Could you try changing the line in
/usr/src/modules/nvidia-kernel/conftest.h that says:

#if LINUX_VERSION_CODE >= KERNEL_VERSION(2,6,29)

to

#if LINUX_VERSION_CODE >= KERNEL_VERSION(2,6,27)

And then doing module-assistant again but using the -O option to prevent
it from reextracting?

Maybe I misread the kernel changes for one of these and got the version
where this function changed wrong. Right now I have it listed as 2.6.29
was the first kernel to use a 3 argument version of smp_call_function.
Perhaps it changed earlier than that, or perhaps one of the 2.6.28.x
versions changed it too. I did not consider the point releases of stable
kernels when doing the checks.

Now I just checked 2.6.28 again, and certainly a pure 2.6.28 expects
4 arguments to the function smp_call_function, which is what the code
currently does. Only 2.6.29, or a kernel with other patches could have
the 3 argument version of smp_call_function.

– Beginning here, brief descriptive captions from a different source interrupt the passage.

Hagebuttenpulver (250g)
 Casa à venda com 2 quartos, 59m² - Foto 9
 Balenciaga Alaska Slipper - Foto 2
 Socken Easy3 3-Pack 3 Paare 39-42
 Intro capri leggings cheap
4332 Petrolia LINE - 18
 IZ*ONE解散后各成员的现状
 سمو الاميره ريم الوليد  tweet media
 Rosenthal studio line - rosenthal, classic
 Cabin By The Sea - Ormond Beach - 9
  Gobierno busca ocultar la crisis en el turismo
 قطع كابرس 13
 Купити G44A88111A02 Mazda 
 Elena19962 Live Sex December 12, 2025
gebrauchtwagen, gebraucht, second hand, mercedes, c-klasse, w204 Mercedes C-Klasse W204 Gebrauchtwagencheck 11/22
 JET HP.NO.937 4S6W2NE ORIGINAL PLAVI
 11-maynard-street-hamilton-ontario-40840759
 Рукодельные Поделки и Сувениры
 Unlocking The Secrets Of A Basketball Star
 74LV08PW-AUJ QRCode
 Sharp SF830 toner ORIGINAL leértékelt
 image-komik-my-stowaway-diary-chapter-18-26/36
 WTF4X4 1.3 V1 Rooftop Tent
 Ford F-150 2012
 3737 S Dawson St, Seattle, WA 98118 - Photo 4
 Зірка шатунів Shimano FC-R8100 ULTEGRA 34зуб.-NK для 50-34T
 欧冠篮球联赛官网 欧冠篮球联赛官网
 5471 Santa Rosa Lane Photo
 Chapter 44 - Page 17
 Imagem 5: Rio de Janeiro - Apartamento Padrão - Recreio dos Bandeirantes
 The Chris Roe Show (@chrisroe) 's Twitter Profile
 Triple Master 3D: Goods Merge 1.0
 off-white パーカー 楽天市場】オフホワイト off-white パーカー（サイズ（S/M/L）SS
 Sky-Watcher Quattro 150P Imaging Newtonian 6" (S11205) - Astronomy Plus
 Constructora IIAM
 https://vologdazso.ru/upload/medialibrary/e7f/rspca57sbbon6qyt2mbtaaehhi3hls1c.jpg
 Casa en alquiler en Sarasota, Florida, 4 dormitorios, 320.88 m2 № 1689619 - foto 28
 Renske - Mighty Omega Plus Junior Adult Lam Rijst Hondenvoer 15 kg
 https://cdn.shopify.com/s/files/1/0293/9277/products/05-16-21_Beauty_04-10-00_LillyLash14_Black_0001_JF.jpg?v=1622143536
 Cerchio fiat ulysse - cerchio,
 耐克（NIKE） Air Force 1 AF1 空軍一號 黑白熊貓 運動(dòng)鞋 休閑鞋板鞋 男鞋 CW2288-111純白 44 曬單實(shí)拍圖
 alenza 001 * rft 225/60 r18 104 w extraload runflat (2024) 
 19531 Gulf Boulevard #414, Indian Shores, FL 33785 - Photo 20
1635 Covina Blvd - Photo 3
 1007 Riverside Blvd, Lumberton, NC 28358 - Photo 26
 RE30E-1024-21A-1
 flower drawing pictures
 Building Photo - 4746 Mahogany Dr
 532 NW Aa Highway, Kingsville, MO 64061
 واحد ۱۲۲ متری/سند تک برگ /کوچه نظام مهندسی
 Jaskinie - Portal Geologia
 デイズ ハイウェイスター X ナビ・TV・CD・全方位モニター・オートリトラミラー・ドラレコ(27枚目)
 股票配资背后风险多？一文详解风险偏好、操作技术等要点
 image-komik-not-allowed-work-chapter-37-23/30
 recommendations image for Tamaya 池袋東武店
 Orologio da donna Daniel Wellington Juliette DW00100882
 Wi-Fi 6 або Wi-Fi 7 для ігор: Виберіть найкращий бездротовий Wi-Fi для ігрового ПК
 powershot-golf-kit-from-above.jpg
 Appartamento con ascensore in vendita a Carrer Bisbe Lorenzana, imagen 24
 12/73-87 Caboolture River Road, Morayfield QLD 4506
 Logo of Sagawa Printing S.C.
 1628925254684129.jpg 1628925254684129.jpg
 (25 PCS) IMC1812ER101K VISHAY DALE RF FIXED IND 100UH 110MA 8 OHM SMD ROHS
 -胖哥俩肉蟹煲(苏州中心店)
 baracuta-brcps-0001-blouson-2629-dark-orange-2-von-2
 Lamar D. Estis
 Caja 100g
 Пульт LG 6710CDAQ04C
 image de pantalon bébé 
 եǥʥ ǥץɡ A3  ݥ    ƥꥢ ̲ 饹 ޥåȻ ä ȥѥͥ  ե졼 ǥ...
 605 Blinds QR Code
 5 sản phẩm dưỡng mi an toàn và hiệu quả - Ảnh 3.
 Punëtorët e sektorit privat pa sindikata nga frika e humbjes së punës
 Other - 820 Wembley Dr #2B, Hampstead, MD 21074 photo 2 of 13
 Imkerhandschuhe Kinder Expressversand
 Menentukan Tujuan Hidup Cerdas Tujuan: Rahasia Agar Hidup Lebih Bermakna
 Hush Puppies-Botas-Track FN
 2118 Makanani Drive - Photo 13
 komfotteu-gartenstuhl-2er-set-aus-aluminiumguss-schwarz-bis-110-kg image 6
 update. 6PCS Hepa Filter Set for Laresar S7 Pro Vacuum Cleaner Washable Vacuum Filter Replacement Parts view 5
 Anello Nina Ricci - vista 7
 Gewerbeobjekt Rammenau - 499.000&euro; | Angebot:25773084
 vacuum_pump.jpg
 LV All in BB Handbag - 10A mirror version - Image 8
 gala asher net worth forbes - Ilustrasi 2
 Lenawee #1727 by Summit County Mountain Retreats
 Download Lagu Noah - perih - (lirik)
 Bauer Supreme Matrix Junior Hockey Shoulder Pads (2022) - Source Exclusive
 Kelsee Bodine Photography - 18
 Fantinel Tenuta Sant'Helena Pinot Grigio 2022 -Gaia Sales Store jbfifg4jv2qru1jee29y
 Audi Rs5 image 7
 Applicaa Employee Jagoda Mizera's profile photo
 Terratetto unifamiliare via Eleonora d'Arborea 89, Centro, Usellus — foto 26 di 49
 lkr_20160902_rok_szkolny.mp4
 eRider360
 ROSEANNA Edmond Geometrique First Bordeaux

When you look at your kernel, what do you have in include/linux/smp.h
for the smp_call_function() definition?

2.6.29 has:
int smp_call_function(void(*func)(void *info), void *info, int wait);
So that is 3 arguments.

2.6.26 has:
int smp_call_function(void(*func)(void *info), void *info, int retry, int wait);
So that is 4 arguments.

2.6.28 from kernel.org has the same as 2.6.26, so it should be working.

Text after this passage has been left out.